Bu çelişki, onu bir aparat yapar: Kendi gemisinin amirali gibi hareket etse de rotası İngiltere merkezli küreselleşmeciler tarafından çizilmiştir. İnancı, ki varsa, bu rolü içselleştirmesini sağlar. Bir korsan kaptanı olarak ganimet toplar, ama liman hep kralındır. Sovyetler Birliği'nin çöküşü sonrası "demokrasi inşası" görevi, bu aparatlığın açık bir örneğidir: Finansman "Kara Çarşamba"dan gelir ki, 1992 kârı, STK'ların sermayesi oldu. Uygulama ABD'nin gücüyle desteklendi. Clinton dönemi bu vizyonu büyüttü, ama nihai hedef, İngiliz nüfuzunun yayılmasıdır. Soros, sıradan bir piyon değildir Kendi hırsı ve ideolojisiyle bu oyuna gönüllü katıldı. Derin nefret ve güçlü inanç onun korsan olarak seçilmesinde başat rol oynadı.
Sonuç: Kralın Modern Korsanı
Soros'un hayatı, Macaristan'daki zorlu çocukluğundan Londra'da ideolojik ve finansal temellerine, oradan ABD'nin küresel bir aktör oluşuna uzanan yolculuğu ve üç yüzü (finans, STK'lar, yolsuzlukla mücadele) onu kralın postmodern korsanı yapmaktadır. Tarihsel korsanlar gibi, finansal operasyonlarla kaos yaratır, döviz kurlarını çökertir, ekonomileri sarsar; STK'larla bu kaosu şekillendirir, rejimleri devirir, limanları ele geçirir; yolsuzlukla mücadeleyle meşruiyet sağlar, ganimeti krala sunar. Elit ağlarla ilişkisi, bu korsanlığın haritasını çizer: Kendi gemisini yönetir, ama filo İngiltere merkezli küreselleşmecilere aittir.
Ganimet, kralın hazinesine akar, cezalar Batı'ya gider, kaynaklar transfer edilir; limanlar, kralın bayrağıyla süslenir, milli devletler küresel sisteme teslim olur. Soros, modern dünyanın hem kaptanı hem amiralidir, kendi hırsı ve vizyonu gemisini yüzdürür, ama kralın gölgesinden asla çıkmaz.
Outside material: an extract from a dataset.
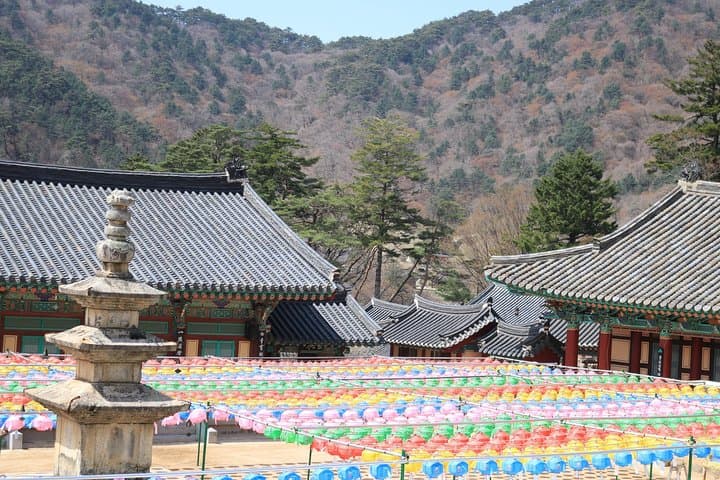 Junam Wetlands and Haeinsa Temple Day Tour from Busan: Birds, Lotus Fields & the Tripitaka Koreana photo 4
Tarihsel korsanlar kılıçla yağma yapardı; Soros ise finans, ideoloji ve ağlarla aynı oyunu oynadı ve kral, bu modern çağda, Londra'nın gölgeli elitleri olarak yaşamaya devam ediyor.
Soros ve bağlantılarının ABD devlet aygıtını da (NED, USAID gibi) kullanarak ördüğü ağların ortaya çıkarılarak, beslediği yapıların tasfiye edilmesi milli devletler için beka konusudur. Sü uyur “dış güçler” uyumaz. Uyumak ölmek demektir.